I stared out the window, wondering if we had just done the stupidest thing in our lives, with entering this unmarked, travelling trap. I nearly pleaded with God for my life. And while doing so, did not utter a word to my friend.
Though our driver did not appear threatening, I knew that looks could be deceiving. Who knows where he could be taking us?  I didn’t have time to theorize about such things however, what with pleading for my life, and all.
And then the van stopped. My curiosity peaked.
The driver leaves briefly, then returns with two more people; an Irish man and his teen son.

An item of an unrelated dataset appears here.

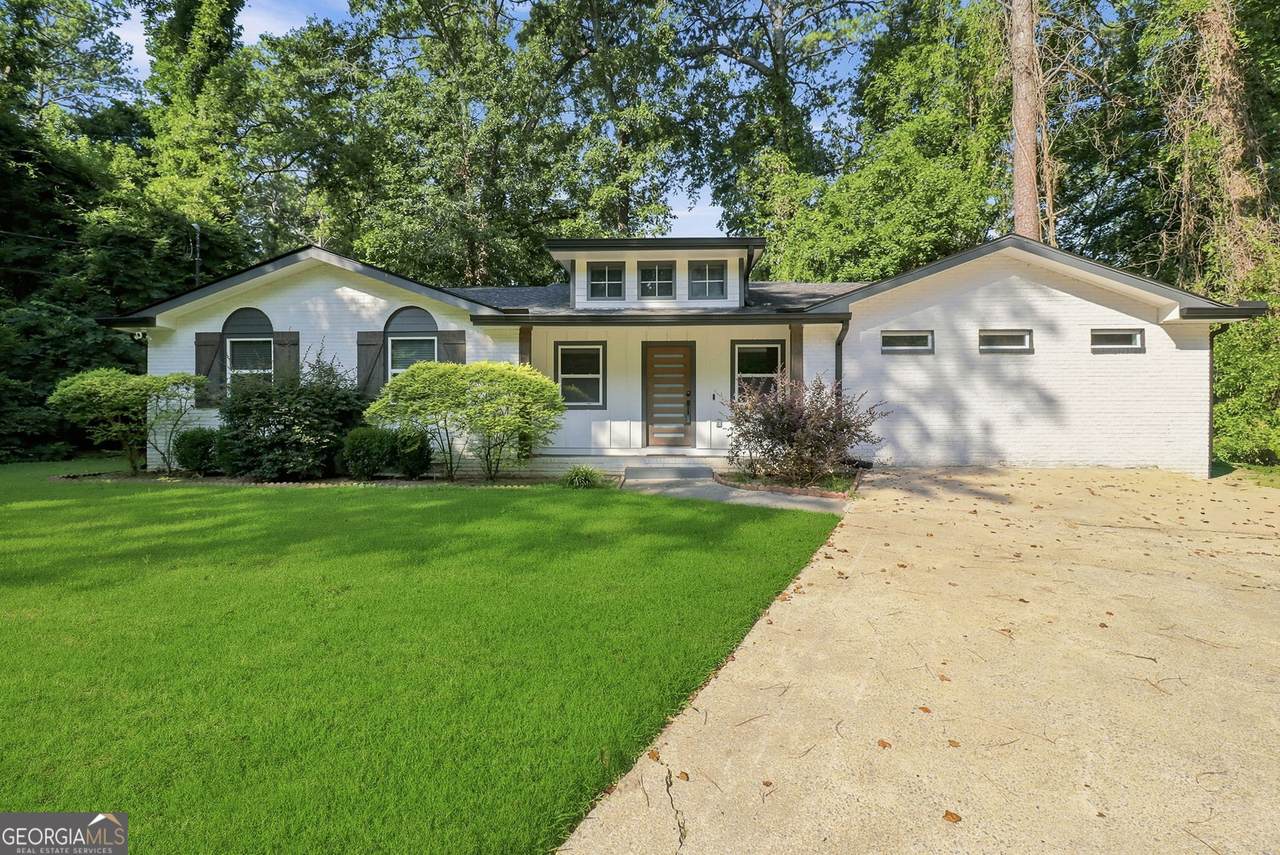 1143 Westmont Road - Photo 1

And for some reason, it was then a wave of relief flooded over me.
At least we were no longer alone.
And, it turned out the tour company wasn’t a fraud.
And, as you may have suspected, we made it both to and from our tour destination A-Okay.
My fear revealed where my hope and trust lie, should times become desperate. It’s not always easy to trust him whose face we don’t see. I try to turn to God when I hurt, when I’ve had a bad day, a bad dream, etc.
It’s easier to cling to something when we are desperate.
However, I’m guilty of not thanking God enough on the days that are good. The days that are blessed. For life in general
I should be praying – talking – to him diligently everyday.